Calls for minister to resign over raids

Jobs Minister Michaelia Cash is facing calls to resign as police prepare to refer an investigation into union raids to the commonwealth prosecutor.

Senator Michaelia Cash.

Senator Michaelia Cash. Source: AAP

Jobs Minister Michaelia Cash is holding out against calls for her to quit after police investigations into Australian Workers Union raids were referred to the commonwealth prosecutor.

The Australia Federal Police are under understood to have confirmed to the union it will have material with the Commonwealth Director of Public Prosecutions in the next two weeks.

AFP officers raided the union's Sydney and Melbourne headquarters last October as part of an investigation by the Registered Organisations Commission.

The raids drew scrutiny because journalists arrived at the offices before police after a tip-off from Senator Cash's office.

One of her advisers resigned after admitting to tipping off the media.

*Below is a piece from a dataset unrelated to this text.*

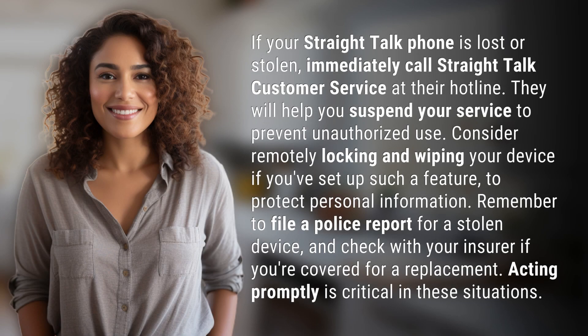If your Straight Talk phone is lost or stolen, immediately call Straight Talk customer service at their hotline. They will help you suspend your service to prevent unauthorized use. Consider remotely locking and wiping your device if you've set up such a feature to protect personal information. Remember to file a police report for a stolen device and check with your insurer if you're covered for a replacement.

AWU national secretary Daniel Walton said the referral was troubling but not surprising.

But a spokesman for Senator Cash said it was an attempt by the AWU to distract from the issue of whether Labor leader Bill Shorten as union leader "secretly donated member money to his own organisation and own election campaign".
Australian Council of Trade Unions secretary Sally McManus said Senator Cash was driven by a hatred of unions.

"Michaelia Cash should have resigned long ago," Ms McManus told reporters in Melbourne.

But Liberal MP Luke Howarth hit back at the ACTU, saying they were "disgracefully" spreading rumours about coalition politicians.

"Most voters would not even have a clue about what's going on in relation to that issue," he told Sky News.